—Oh. —Luciana, de su mano, avanzaba despacito cuesta abajo.
La pendiente no era difícil, pero el camino se hacía largo.
—Ya no sigo… —agitó la mano—. Estoy cansada, se me acaba el aire. ¿Por qué no vas tú por un coche?
Alejandro dudó. No pensaba dejarla sola en medio de aquel cerro: el lugar parecía tranquilo, pero quién garantiza que no pase algo.
—Te llevo cargando —propuso.
—¡Ni lo sueñes! —negó con la cabeza—. Está bien, está bien, camino yo.
Él le sujetó el brazo.
—¿Sigues enojada conmigo?
—No…
—Entonces, ¿por qué no me dejas cargarte?

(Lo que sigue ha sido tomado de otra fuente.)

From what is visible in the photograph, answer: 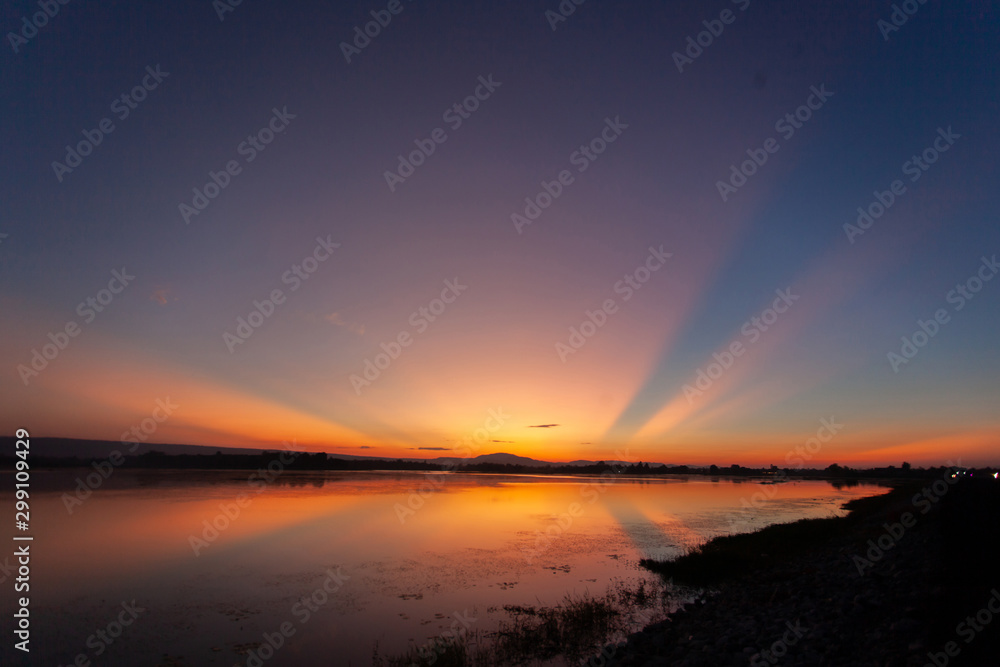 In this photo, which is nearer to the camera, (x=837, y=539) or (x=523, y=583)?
(x=523, y=583)

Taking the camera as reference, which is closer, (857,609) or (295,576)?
(857,609)

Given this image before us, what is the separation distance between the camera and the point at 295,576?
965 inches

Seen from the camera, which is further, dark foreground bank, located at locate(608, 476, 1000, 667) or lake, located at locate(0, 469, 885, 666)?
lake, located at locate(0, 469, 885, 666)

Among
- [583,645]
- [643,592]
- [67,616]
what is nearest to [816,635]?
[583,645]

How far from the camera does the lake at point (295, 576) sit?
1606 cm

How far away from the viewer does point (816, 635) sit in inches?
472

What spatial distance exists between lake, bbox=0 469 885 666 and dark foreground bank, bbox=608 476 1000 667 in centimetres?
385

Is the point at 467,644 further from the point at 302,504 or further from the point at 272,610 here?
the point at 302,504

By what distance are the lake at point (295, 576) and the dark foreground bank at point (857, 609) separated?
3.85 meters

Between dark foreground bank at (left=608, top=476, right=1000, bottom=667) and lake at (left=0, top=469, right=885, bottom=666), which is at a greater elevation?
dark foreground bank at (left=608, top=476, right=1000, bottom=667)

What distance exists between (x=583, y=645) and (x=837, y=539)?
24.6 meters

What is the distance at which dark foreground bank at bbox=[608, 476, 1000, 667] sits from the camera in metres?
10.1

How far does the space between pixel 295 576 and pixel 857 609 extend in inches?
886

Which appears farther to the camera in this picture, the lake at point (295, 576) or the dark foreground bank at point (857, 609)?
the lake at point (295, 576) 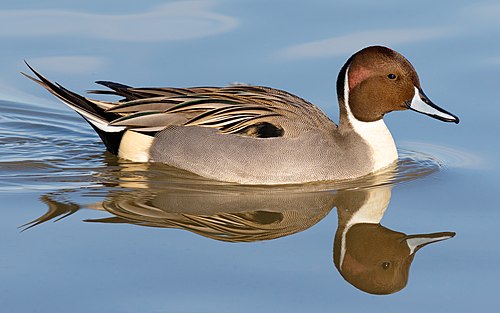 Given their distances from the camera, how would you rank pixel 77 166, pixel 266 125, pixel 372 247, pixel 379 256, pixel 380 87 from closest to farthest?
pixel 379 256
pixel 372 247
pixel 266 125
pixel 380 87
pixel 77 166

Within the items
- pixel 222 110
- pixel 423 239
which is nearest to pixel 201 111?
pixel 222 110

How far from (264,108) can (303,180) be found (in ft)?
1.86

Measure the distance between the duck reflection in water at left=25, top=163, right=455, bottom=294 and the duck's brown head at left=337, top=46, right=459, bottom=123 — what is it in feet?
1.70

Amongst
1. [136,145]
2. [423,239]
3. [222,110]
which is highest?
[222,110]

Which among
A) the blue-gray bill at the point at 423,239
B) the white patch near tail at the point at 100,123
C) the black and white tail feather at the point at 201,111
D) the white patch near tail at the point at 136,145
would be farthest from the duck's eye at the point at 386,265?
the white patch near tail at the point at 100,123

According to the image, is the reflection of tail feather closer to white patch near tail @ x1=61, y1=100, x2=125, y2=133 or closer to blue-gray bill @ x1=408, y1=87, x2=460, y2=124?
white patch near tail @ x1=61, y1=100, x2=125, y2=133

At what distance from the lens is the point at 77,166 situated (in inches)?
311

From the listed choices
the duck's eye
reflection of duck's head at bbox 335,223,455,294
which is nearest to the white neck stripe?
reflection of duck's head at bbox 335,223,455,294

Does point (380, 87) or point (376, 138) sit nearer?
point (380, 87)

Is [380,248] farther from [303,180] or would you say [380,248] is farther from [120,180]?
[120,180]

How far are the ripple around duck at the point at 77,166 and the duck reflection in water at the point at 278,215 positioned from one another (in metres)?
0.03

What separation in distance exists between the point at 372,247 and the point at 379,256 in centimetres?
14

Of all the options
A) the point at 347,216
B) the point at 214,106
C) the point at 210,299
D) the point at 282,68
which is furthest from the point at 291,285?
the point at 282,68

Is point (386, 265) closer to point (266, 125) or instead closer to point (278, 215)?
point (278, 215) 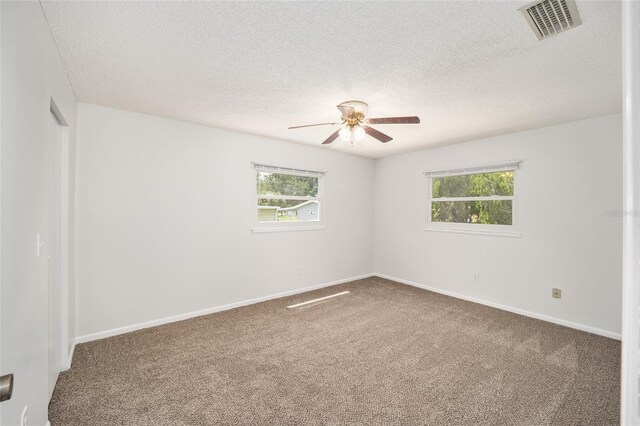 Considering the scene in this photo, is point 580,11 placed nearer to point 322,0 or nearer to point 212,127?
point 322,0

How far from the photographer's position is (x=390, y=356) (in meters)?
2.55

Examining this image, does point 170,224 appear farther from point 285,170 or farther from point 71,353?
point 285,170

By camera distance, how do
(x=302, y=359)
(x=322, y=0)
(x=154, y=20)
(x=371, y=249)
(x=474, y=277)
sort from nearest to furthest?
(x=322, y=0)
(x=154, y=20)
(x=302, y=359)
(x=474, y=277)
(x=371, y=249)

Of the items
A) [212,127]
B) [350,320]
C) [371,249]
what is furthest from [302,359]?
[371,249]

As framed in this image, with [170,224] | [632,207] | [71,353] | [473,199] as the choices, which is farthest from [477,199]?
[71,353]

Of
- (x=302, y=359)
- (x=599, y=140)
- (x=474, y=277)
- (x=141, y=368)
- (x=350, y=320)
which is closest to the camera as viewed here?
(x=141, y=368)

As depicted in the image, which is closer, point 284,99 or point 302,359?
point 302,359

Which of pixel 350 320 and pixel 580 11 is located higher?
pixel 580 11

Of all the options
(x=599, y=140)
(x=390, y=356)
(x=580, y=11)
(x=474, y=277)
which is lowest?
(x=390, y=356)

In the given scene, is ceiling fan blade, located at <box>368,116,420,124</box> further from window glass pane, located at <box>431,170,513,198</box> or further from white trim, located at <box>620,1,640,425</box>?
window glass pane, located at <box>431,170,513,198</box>

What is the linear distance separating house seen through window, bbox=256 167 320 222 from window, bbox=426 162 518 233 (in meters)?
1.90

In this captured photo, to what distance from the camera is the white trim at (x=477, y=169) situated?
3710mm

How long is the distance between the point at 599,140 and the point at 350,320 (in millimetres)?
3356

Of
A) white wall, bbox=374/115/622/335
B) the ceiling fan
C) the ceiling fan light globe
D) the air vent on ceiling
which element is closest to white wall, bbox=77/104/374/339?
the ceiling fan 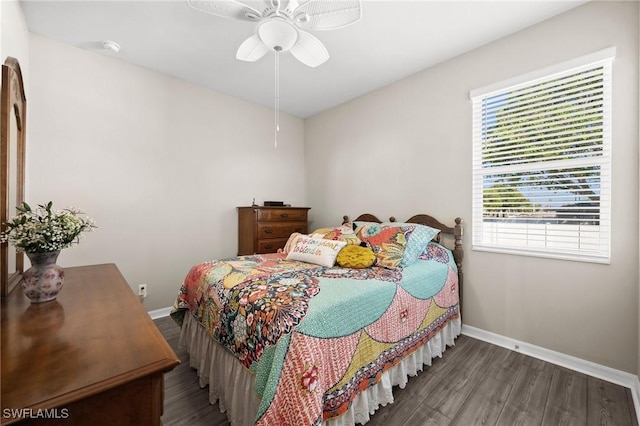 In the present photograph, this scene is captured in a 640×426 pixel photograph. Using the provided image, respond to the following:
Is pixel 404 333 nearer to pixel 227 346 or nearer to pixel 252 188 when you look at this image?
pixel 227 346

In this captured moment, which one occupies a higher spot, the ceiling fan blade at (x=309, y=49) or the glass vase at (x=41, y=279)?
the ceiling fan blade at (x=309, y=49)

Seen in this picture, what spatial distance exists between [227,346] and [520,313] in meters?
2.34

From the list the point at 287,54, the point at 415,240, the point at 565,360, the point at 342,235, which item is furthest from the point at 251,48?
the point at 565,360

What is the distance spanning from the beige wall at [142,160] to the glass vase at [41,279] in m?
1.72

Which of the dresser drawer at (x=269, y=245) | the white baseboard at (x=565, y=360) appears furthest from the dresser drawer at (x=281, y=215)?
the white baseboard at (x=565, y=360)

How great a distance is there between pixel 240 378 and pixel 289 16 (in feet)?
6.96

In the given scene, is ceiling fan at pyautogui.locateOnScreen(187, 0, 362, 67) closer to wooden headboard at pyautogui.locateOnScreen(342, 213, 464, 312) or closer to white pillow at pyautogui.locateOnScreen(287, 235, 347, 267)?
white pillow at pyautogui.locateOnScreen(287, 235, 347, 267)

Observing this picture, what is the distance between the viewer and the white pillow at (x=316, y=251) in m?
2.27

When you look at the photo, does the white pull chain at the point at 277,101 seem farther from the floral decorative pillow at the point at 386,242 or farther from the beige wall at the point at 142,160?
the floral decorative pillow at the point at 386,242

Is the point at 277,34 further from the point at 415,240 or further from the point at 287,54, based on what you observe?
the point at 415,240

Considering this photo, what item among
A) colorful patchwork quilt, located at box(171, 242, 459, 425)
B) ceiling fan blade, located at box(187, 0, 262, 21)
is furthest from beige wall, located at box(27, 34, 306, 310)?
ceiling fan blade, located at box(187, 0, 262, 21)

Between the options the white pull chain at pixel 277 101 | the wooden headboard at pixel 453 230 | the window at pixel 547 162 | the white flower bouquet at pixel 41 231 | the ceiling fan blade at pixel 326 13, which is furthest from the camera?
the white pull chain at pixel 277 101

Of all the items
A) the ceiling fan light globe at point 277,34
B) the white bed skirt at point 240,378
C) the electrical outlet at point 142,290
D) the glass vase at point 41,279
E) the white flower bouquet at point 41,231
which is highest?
the ceiling fan light globe at point 277,34

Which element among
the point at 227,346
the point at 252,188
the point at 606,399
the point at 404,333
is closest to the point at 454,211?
the point at 404,333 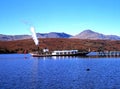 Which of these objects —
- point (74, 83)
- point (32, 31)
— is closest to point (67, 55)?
point (32, 31)

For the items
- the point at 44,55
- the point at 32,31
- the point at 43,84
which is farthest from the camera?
the point at 44,55

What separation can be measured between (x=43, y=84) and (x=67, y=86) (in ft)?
18.1

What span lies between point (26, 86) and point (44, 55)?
142 m

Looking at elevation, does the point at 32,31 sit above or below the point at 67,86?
above

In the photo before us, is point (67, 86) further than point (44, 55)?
No

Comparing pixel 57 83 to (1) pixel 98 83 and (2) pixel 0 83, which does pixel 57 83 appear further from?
(2) pixel 0 83

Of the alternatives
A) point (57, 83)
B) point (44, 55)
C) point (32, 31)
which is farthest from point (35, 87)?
point (44, 55)

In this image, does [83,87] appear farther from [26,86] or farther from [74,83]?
[26,86]

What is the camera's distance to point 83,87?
5112 centimetres

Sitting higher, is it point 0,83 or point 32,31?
point 32,31

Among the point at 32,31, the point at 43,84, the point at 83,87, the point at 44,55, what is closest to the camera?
the point at 83,87

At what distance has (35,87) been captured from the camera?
5184cm

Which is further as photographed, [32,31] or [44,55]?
[44,55]

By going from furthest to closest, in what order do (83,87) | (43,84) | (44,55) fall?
(44,55), (43,84), (83,87) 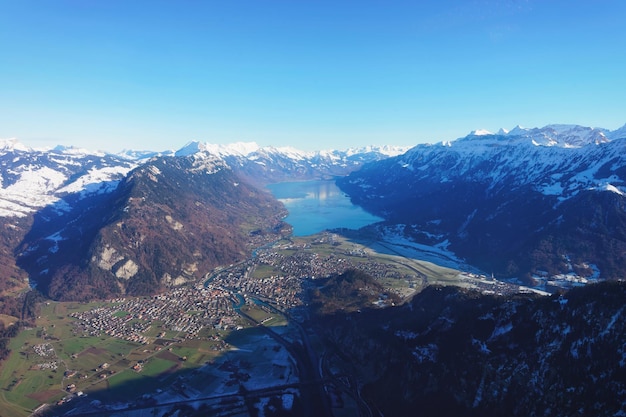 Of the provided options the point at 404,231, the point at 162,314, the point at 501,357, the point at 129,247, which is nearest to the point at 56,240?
the point at 129,247

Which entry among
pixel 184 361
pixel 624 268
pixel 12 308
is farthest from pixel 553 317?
pixel 12 308

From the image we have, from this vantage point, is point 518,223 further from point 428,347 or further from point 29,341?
point 29,341

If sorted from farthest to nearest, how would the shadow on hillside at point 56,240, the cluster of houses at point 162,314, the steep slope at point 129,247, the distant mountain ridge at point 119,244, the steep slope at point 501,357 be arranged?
the shadow on hillside at point 56,240, the distant mountain ridge at point 119,244, the steep slope at point 129,247, the cluster of houses at point 162,314, the steep slope at point 501,357

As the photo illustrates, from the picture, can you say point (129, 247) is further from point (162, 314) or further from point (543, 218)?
point (543, 218)

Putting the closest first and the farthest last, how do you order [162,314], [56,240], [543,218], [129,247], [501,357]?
[501,357] → [162,314] → [129,247] → [543,218] → [56,240]

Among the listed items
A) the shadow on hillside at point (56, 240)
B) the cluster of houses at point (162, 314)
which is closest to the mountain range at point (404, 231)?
the shadow on hillside at point (56, 240)

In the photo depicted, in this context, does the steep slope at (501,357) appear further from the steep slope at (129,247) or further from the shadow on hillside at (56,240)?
the shadow on hillside at (56,240)

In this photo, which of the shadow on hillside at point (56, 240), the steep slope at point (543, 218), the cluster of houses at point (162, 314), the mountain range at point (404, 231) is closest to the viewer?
the cluster of houses at point (162, 314)

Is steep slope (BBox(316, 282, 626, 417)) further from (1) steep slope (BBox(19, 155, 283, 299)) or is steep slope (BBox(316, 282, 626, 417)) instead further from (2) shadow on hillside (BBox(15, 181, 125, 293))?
Answer: (2) shadow on hillside (BBox(15, 181, 125, 293)) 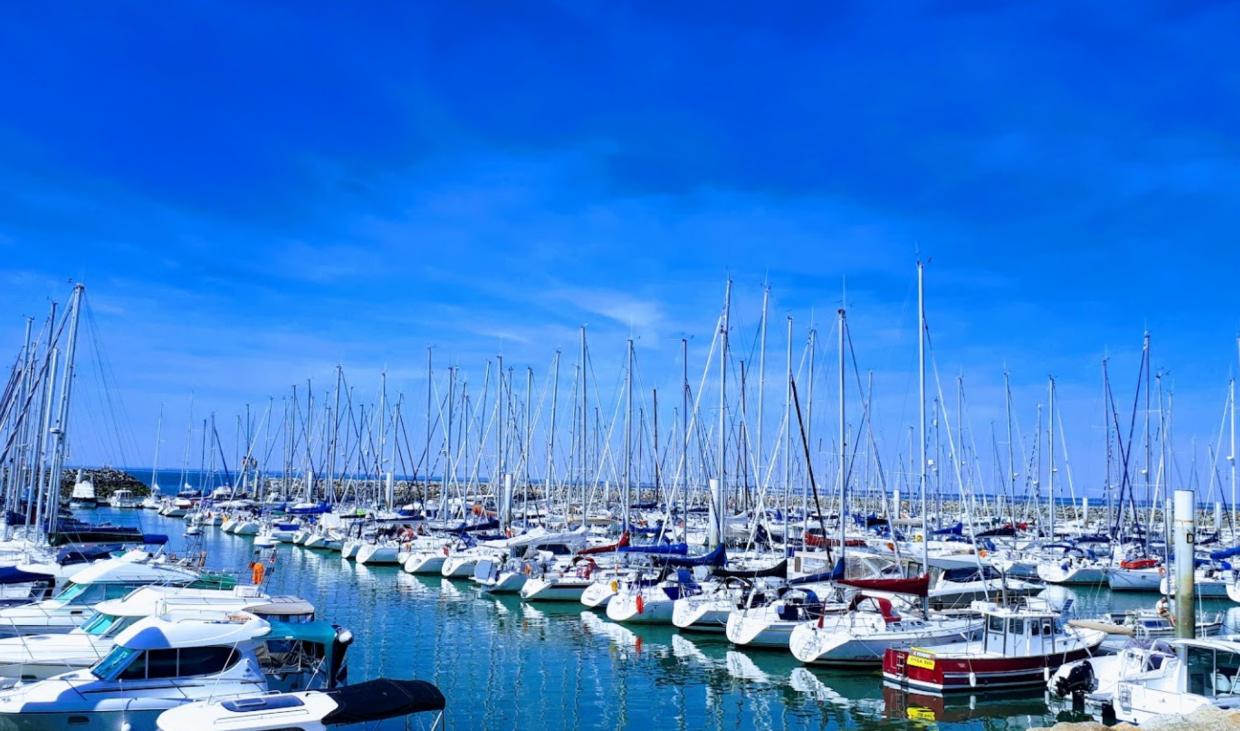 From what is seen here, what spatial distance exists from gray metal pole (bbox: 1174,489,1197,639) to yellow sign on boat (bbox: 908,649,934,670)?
6996 mm

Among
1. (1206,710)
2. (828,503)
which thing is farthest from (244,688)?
(828,503)

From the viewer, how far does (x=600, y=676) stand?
89.8ft

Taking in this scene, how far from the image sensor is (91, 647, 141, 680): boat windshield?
17969 millimetres

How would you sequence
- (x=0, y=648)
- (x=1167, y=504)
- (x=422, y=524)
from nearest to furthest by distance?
(x=0, y=648)
(x=1167, y=504)
(x=422, y=524)

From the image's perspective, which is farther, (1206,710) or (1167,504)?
(1167,504)

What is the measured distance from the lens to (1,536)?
48.9 m

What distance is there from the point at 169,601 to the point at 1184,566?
2661 centimetres

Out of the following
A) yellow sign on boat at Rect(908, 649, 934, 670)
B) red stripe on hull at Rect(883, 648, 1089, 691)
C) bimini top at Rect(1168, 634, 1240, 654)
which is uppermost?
bimini top at Rect(1168, 634, 1240, 654)

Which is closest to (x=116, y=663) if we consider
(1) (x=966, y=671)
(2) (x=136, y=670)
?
(2) (x=136, y=670)

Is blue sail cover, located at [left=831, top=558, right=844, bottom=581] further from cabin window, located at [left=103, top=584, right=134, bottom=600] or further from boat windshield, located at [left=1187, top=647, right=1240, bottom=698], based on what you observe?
cabin window, located at [left=103, top=584, right=134, bottom=600]

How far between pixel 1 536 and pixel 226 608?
110 feet

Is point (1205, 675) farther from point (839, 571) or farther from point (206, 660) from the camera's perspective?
point (206, 660)

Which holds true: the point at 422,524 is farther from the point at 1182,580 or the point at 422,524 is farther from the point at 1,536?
the point at 1182,580

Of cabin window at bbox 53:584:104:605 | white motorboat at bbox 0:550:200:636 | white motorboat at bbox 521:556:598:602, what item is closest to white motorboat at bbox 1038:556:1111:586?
white motorboat at bbox 521:556:598:602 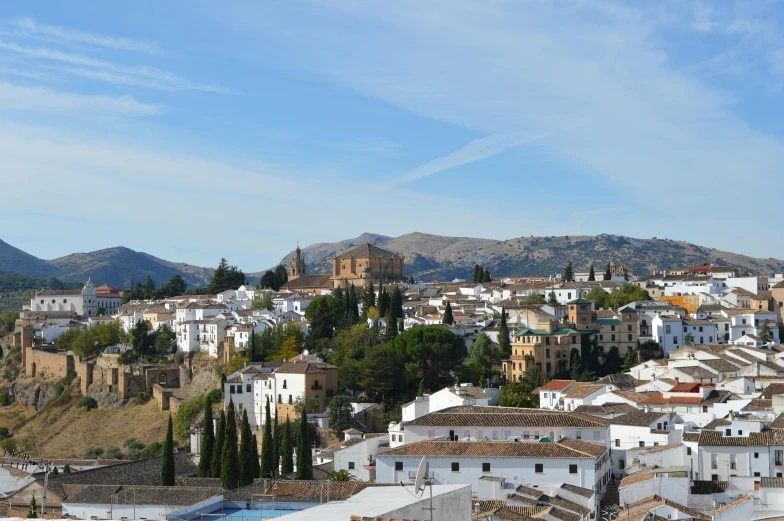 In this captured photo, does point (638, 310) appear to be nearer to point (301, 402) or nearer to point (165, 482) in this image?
point (301, 402)

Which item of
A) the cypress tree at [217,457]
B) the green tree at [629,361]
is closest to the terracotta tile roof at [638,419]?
the cypress tree at [217,457]

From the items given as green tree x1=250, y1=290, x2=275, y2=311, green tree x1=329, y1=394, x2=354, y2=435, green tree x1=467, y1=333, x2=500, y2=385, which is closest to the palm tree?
green tree x1=329, y1=394, x2=354, y2=435

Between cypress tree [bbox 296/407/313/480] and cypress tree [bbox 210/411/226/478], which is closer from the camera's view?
cypress tree [bbox 296/407/313/480]

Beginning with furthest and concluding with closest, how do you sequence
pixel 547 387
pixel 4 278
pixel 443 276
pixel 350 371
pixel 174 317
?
pixel 443 276, pixel 4 278, pixel 174 317, pixel 350 371, pixel 547 387

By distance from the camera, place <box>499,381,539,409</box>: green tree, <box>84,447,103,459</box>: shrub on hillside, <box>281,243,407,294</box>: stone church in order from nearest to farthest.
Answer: <box>499,381,539,409</box>: green tree
<box>84,447,103,459</box>: shrub on hillside
<box>281,243,407,294</box>: stone church

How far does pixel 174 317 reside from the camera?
64750 mm

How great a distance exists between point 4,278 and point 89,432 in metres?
97.3

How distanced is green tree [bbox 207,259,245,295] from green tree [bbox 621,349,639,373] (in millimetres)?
34411

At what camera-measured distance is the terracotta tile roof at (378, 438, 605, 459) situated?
95.7ft

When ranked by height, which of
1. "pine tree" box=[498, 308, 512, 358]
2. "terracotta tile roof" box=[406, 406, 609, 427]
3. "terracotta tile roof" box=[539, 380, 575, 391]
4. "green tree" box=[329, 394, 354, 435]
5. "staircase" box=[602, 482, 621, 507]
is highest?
"pine tree" box=[498, 308, 512, 358]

Luciana le lanzó una mirada imposible de describir. Si no lo dejaba cargarla, él se ofendía.
—Bueno —cedió—. Cárgame.
—Va.
Justo iba a agacharse cuando la vio girar en redondo.
—¿A dónde vas?
—¡Sígueme!
Él obedeció. Luciana avanzó unos metros, se detuvo y señaló el suelo.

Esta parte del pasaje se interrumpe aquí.